The Christmas holiday traffic count will begin Christmas Eve at 6 p.m. and end at midnight Sunday, December 27. During the 78-hour period, the Georgia State Patrol and the Crash Reporting Unit at the Georgia Department of Transportation estimate 2,226 traffic crashes will occur on Georgia roads. The estimates are also for 976 injuries and 18 fatalities. The New Year’s holiday travel period begins at 6 p.m. Dec. 31 and ends at midnight Sunday, Jan. 3, 2010. Estimates for the New Year’s holiday travel period are for 2,330 traffic crashes, 1,004 injuries, and 16 fatalities.
Last year during the Christmas holiday travel period, Georgia recorded 24 traffic deaths during a 102-hour holiday period. There were 1,261 injuries and 2,783 crashes reported. During the 102-hour New Year’s holiday period, there were 2,998 traffic crashes resulting in 1,222 injuries and 22 traffic deaths.
Earlier this month, the Georgia State Patrol announced a month-long crackdown on impaired drivers to reduce the number of impaired-driving fatalities on the state’s roads. Road checks, concentrated patrols, and high visibility patrols are planned throughout the holiday periods. "An alcohol or drug impaired driver will go to jail and their vehicle impounded on the spot," Colonel Hitchens added.
During the Christmas and New Year’s holiday periods last year, nine traffic deaths involved an alcohol impaired driver. Additionally, 31 of the 46 people killed over the two holiday periods were not wearing their seat belt. Eight of the victims were pedestrians. "The traffic crash facts show why enforcement is so important this time of the year," he said. "We certainly want everyone to enjoy the holiday festivities but everyone must keep traffic safety in mind while operating a motor vehicle."
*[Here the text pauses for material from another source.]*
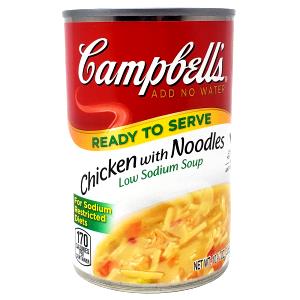 1 can (10.75 oz) Chicken with Noodles Low Sodium Soup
The commissioner reminds drivers to make sure everyone is wearing a seat belt and children are properly restrained at all times and on every trip. He emphasizes the importance of designating a sober driver in advance if alcohol consumption will be in your party plans.
The highest number of Christmas holiday period traffic deaths occurred in 1971 when 36 people were killed and the lowest occurred in 1982 and 2002 with five deaths reported. For New Year’s, the highest occurred in 1981 and 1987 with 23 deaths and the lowest occurred in 1947 and 1958 when Georgia recorded only three deaths.